**Exercise details**
Retype exactly the lines of the listing below from the one with "Dummy Thicc Vinyl Sticker" through the last, both included, and leave every picture out.

■ ■ ■ ■

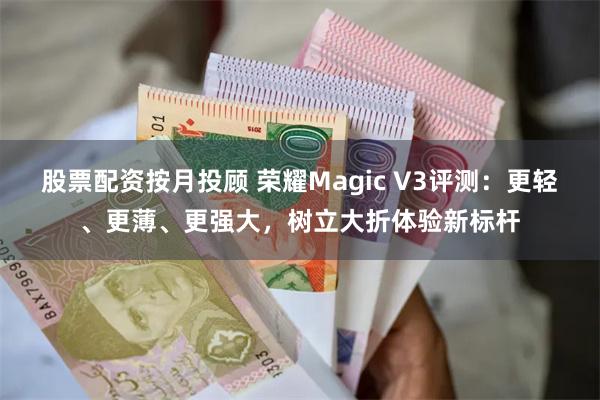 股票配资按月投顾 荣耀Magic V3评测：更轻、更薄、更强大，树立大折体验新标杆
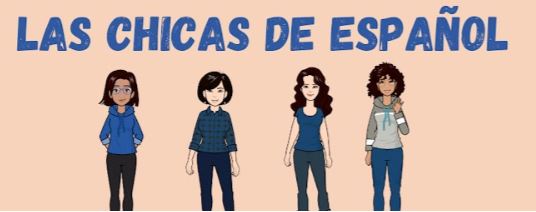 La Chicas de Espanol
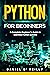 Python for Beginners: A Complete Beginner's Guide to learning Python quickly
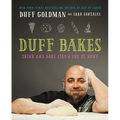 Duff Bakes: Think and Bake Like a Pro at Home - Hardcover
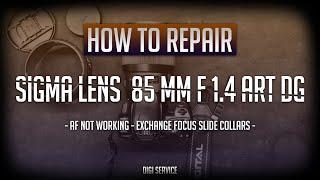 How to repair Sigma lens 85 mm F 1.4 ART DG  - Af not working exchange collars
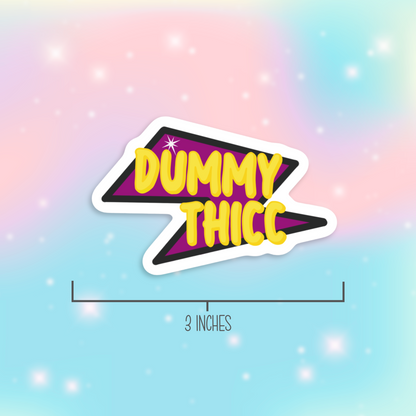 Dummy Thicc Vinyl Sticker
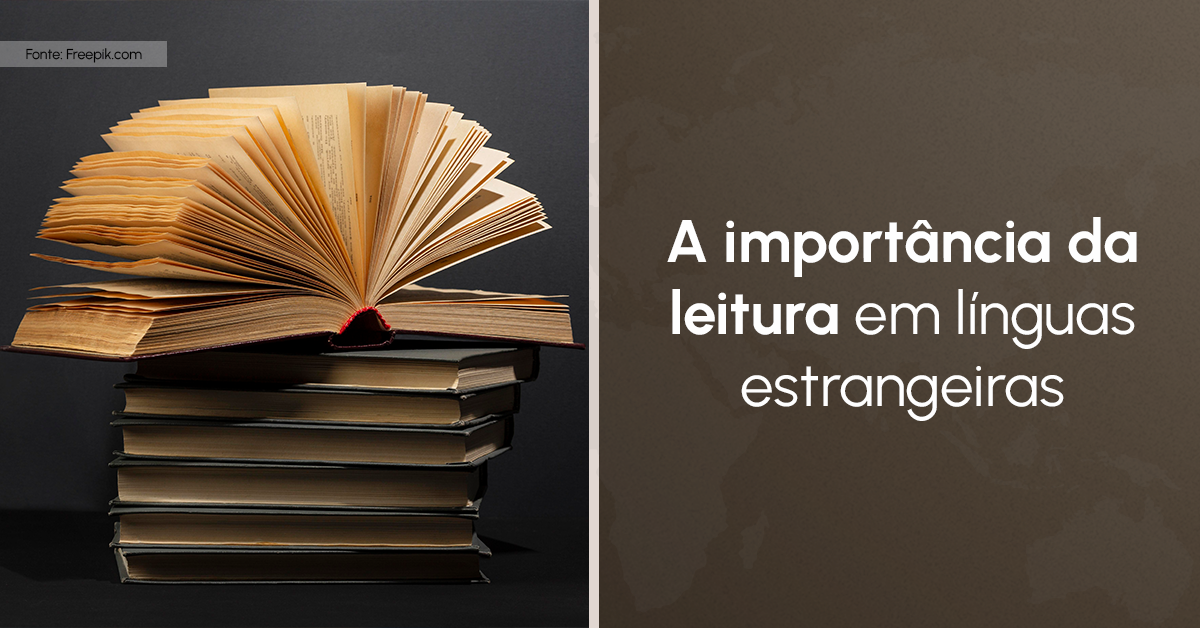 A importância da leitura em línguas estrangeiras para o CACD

■ ■ ■ ■

**Finished exercise**
 Dummy Thicc Vinyl Sticker
 A importância da leitura em línguas estrangeiras para o CACD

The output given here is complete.